The Task Force is to consist of at least twelve members, including three representatives from the Department of Labor and Workforce Development; three representatives from the Department of the Treasury; and one representative from each of the Department of Law and Public Safety, the Department of Agriculture, the Department of Banking and Insurance, the Department of Human Services, the Department of Transportation, and the Economic Development Authority.
The precursor to New Jersey’s initiative detailed above, New York Governor Andrew Cuomo instituted a statewide Task Force in 2015 to identify and resolve worker exploitation issues in multiple industries in New York State.
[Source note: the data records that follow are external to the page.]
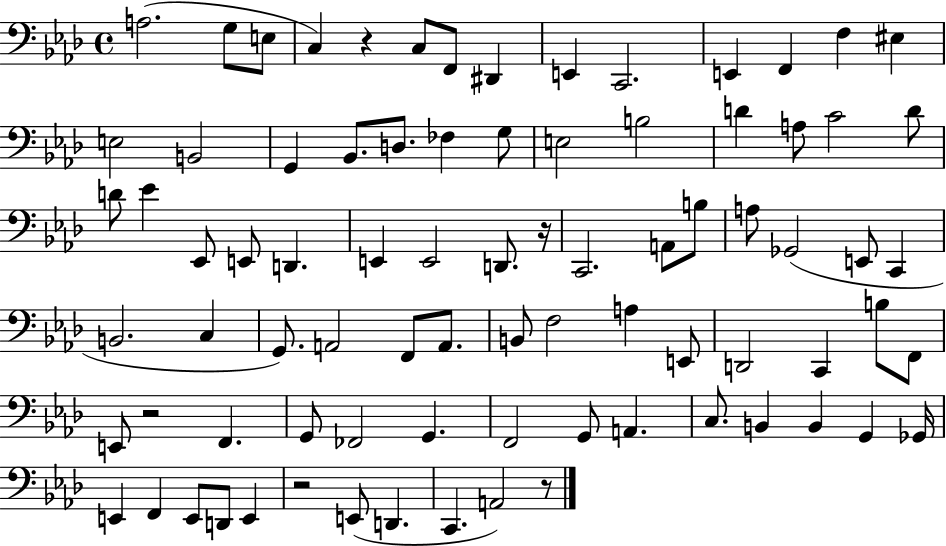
A3/h. G3/e E3/e C3/q R/q C3/e F2/e D#2/q E2/q C2/h. E2/q F2/q F3/q EIS3/q E3/h B2/h G2/q Bb2/e. D3/e. FES3/q G3/e E3/h B3/h D4/q A3/e C4/h D4/e D4/e Eb4/q Eb2/e E2/e D2/q. E2/q E2/h D2/e. R/s C2/h. A2/e B3/e A3/e Gb2/h E2/e C2/q B2/h. C3/q G2/e. A2/h F2/e A2/e. B2/e F3/h A3/q E2/e D2/h C2/q B3/e F2/e E2/e R/h F2/q. G2/e FES2/h G2/q. F2/h G2/e A2/q. C3/e. B2/q B2/q G2/q Gb2/s E2/q F2/q E2/e D2/e E2/q R/h E2/e D2/q. C2/q. A2/h R/e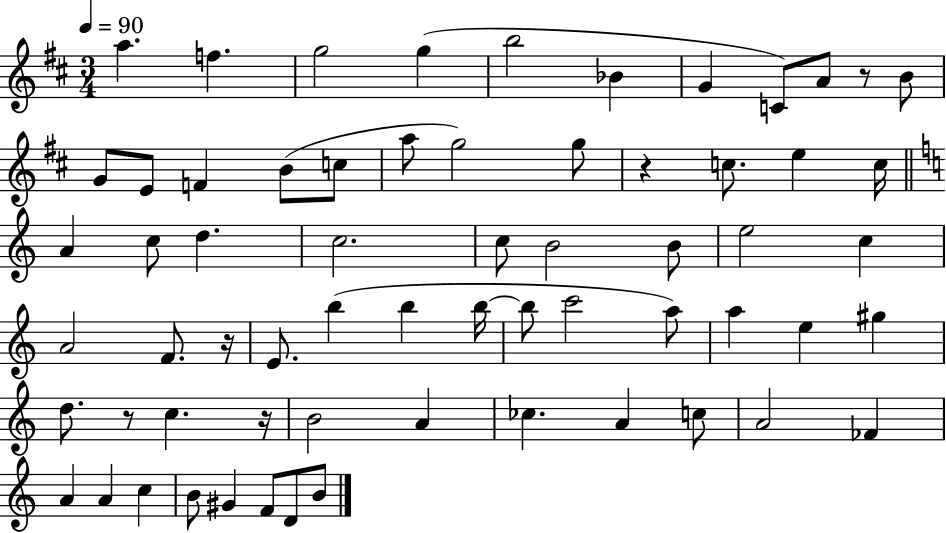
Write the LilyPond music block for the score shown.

{
  \clef treble
  \numericTimeSignature
  \time 3/4
  \key d \major
  \tempo 4 = 90
  \repeat volta 2 { a''4. f''4. | g''2 g''4( | b''2 bes'4 | g'4 c'8) a'8 r8 b'8 | \break g'8 e'8 f'4 b'8( c''8 | a''8 g''2) g''8 | r4 c''8. e''4 c''16 | \bar "||" \break \key c \major a'4 c''8 d''4. | c''2. | c''8 b'2 b'8 | e''2 c''4 | \break a'2 f'8. r16 | e'8. b''4( b''4 b''16~~ | b''8 c'''2 a''8) | a''4 e''4 gis''4 | \break d''8. r8 c''4. r16 | b'2 a'4 | ces''4. a'4 c''8 | a'2 fes'4 | \break a'4 a'4 c''4 | b'8 gis'4 f'8 d'8 b'8 | } \bar "|."
}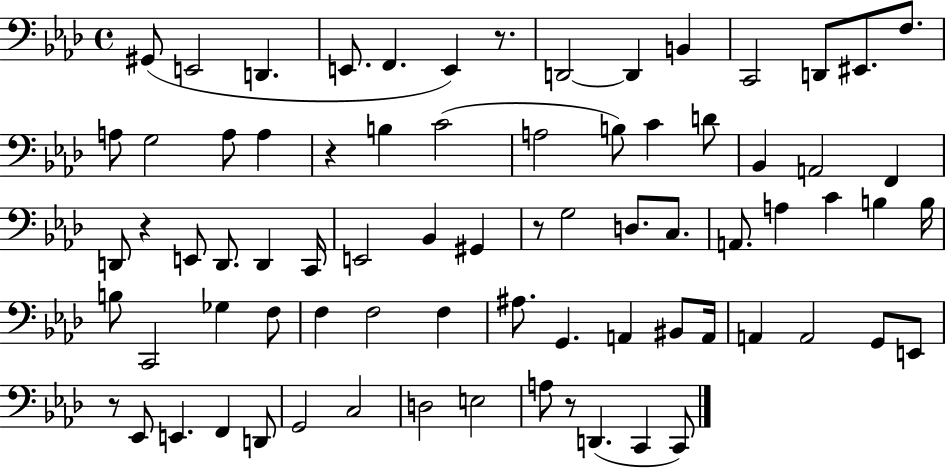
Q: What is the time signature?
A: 4/4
A year later, a Joint Task Force was made permanent for the same purpose. To date, the Joint Task Force has launched nearly 16,000 wage theft and misclassification cases impacting nearly 150,000 workers, and recovered nearly $150 million in lost wages, which it returned to 125,000 workers victimized by wage theft.
Additionally, specific to the construction industry, the New York State Construction Industry Fair Play Act (effective October 26, 2010) imposes as standard for determining whether a worker is an employee or independent contractor in the construction industry, and provides penalties for employers who fail to properly classify their employees.
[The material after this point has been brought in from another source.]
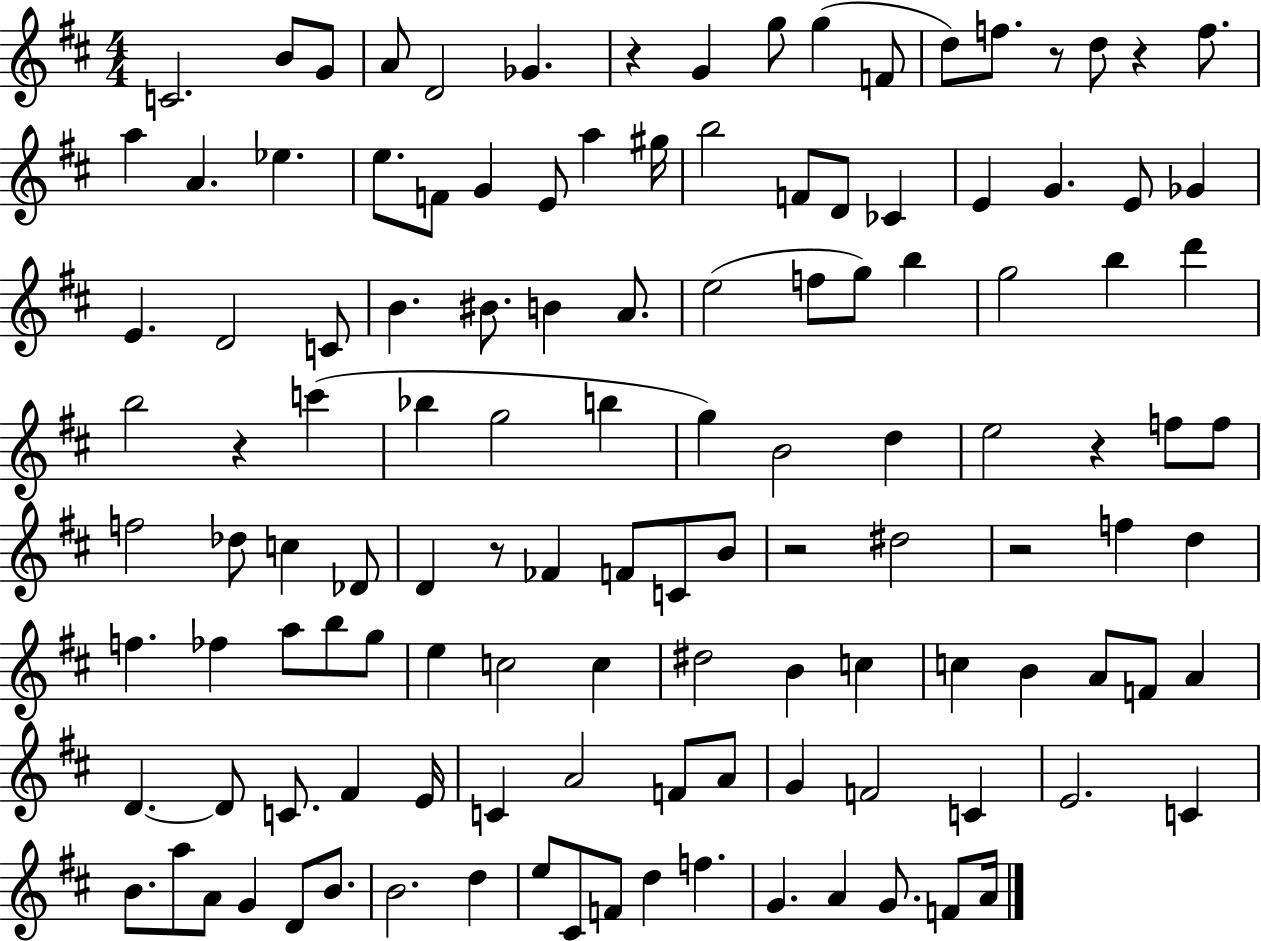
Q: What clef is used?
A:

Under the Fair Play Act, individuals working for an employer in the construction industry will be presumed to be employees, unless they meet all three criteria below. The individual must be:
- free from control and direction in performing the job, both under contract and in fact;
- performing services outside of the usual course of business for the company; and
- engaged in an independently established trade, occupation, or business that is similar to the service they perform.
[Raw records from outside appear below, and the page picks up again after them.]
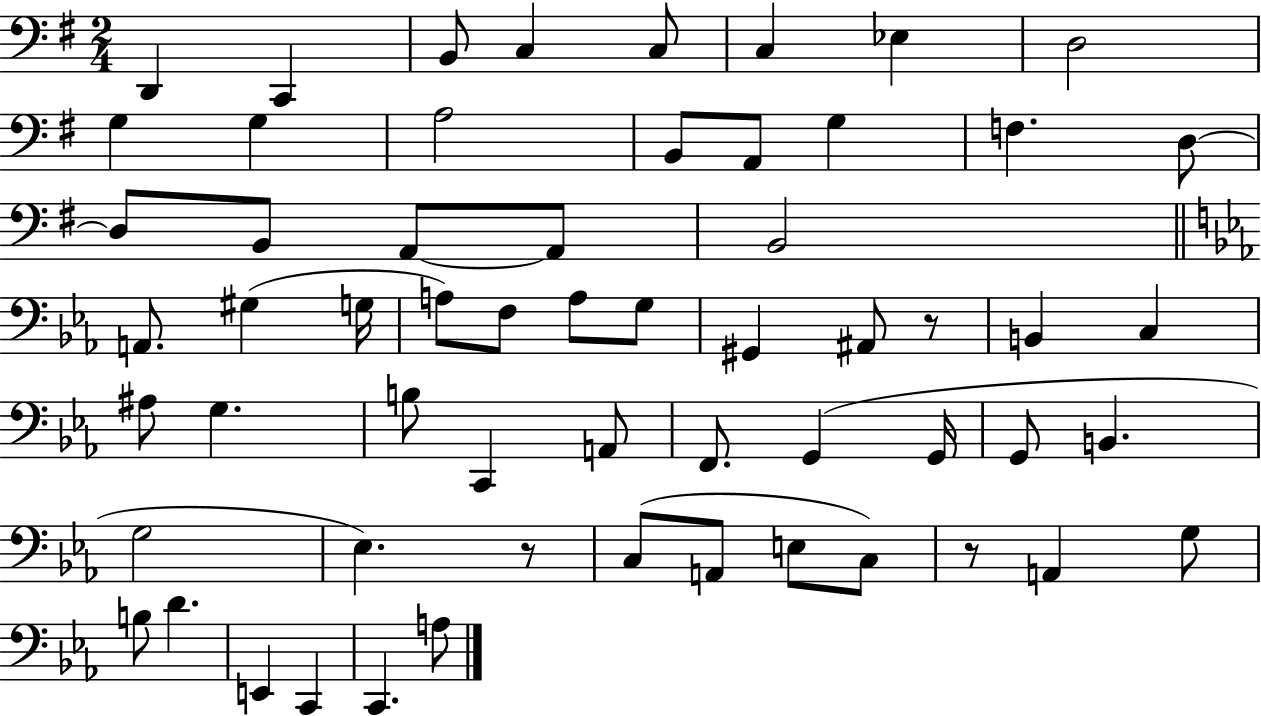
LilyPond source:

{
  \clef bass
  \numericTimeSignature
  \time 2/4
  \key g \major
  d,4 c,4 | b,8 c4 c8 | c4 ees4 | d2 | \break g4 g4 | a2 | b,8 a,8 g4 | f4. d8~~ | \break d8 b,8 a,8~~ a,8 | b,2 | \bar "||" \break \key c \minor a,8. gis4( g16 | a8) f8 a8 g8 | gis,4 ais,8 r8 | b,4 c4 | \break ais8 g4. | b8 c,4 a,8 | f,8. g,4( g,16 | g,8 b,4. | \break g2 | ees4.) r8 | c8( a,8 e8 c8) | r8 a,4 g8 | \break b8 d'4. | e,4 c,4 | c,4. a8 | \bar "|."
}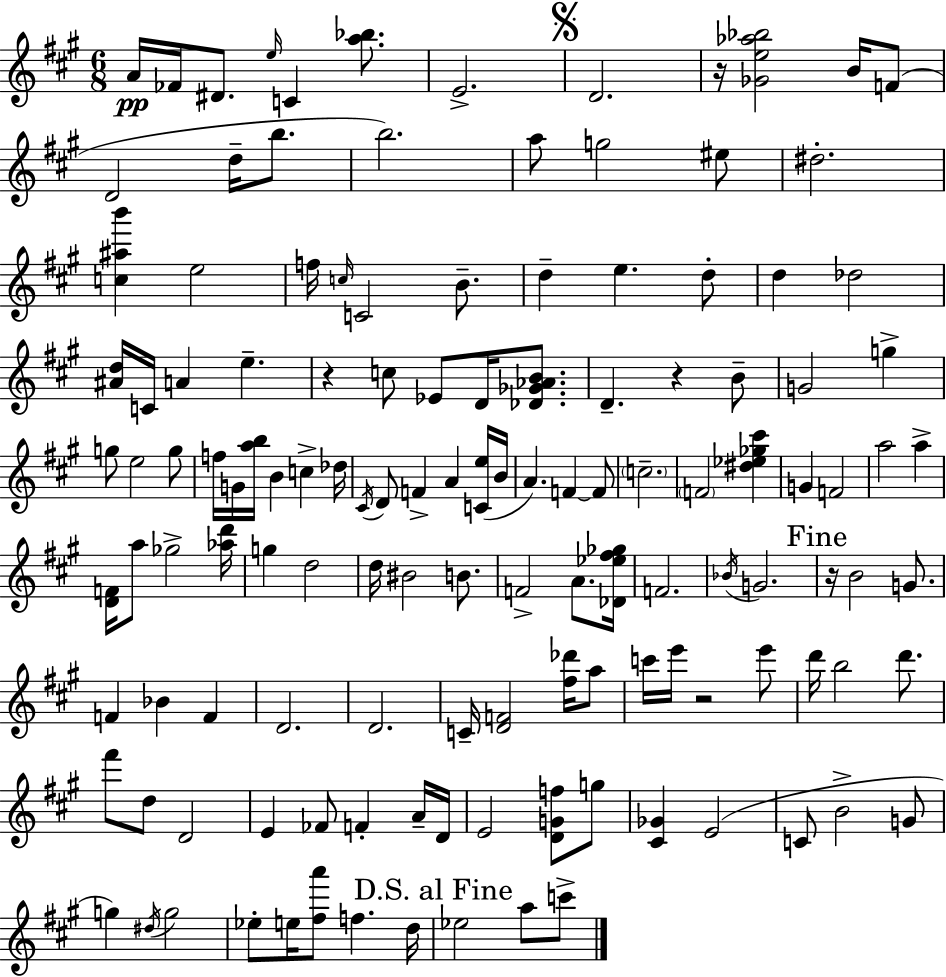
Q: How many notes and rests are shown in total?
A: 131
The law also contains a twelve-part test for determining when a sole proprietor, partnership, corporation, or other entity will be considered a “separate business entity” from the contractor for whom it is providing a service. If an entity meets all of the 12 criteria, it will not be considered an employee of the contractor, but will instead be a separate business that is itself subject to the law regarding its own employees.
In addition to other penalties applicable by tax law or employment law, an employer that willfully violates the Fair Play Act by failing to properly classify its employees will be subject to civil penalties of up to a $2,500 fine per misclassified employee for a first violation, and up to $5,000 per misclassified employee for a second violation within a five-year period. Employers may also be subject to criminal prosecution (a misdemeanor) for violations of the Fair Play Act, with a penalty of up to 30 days in jail, up to a $25,000 fine, and debarment from Public Work for up to one year for a first offense. Subsequent misdemeanor offenses would be punishable by up to 60 days in jail, up to a $50,000 fine, and debarment from performing Public Work for up to five years.
In 2016, the Pennsylvania Department of Labor and Industry, Bureau of Labor Law Compliance signed an agreement with the U.S. Department of Labor to coordinate efforts to prevent employee misclassification with respect to independent contractors or other nonemployee statuses. For Pennsylvania businesses, the agreement set the stage for intensified enforcement of worker classification rules.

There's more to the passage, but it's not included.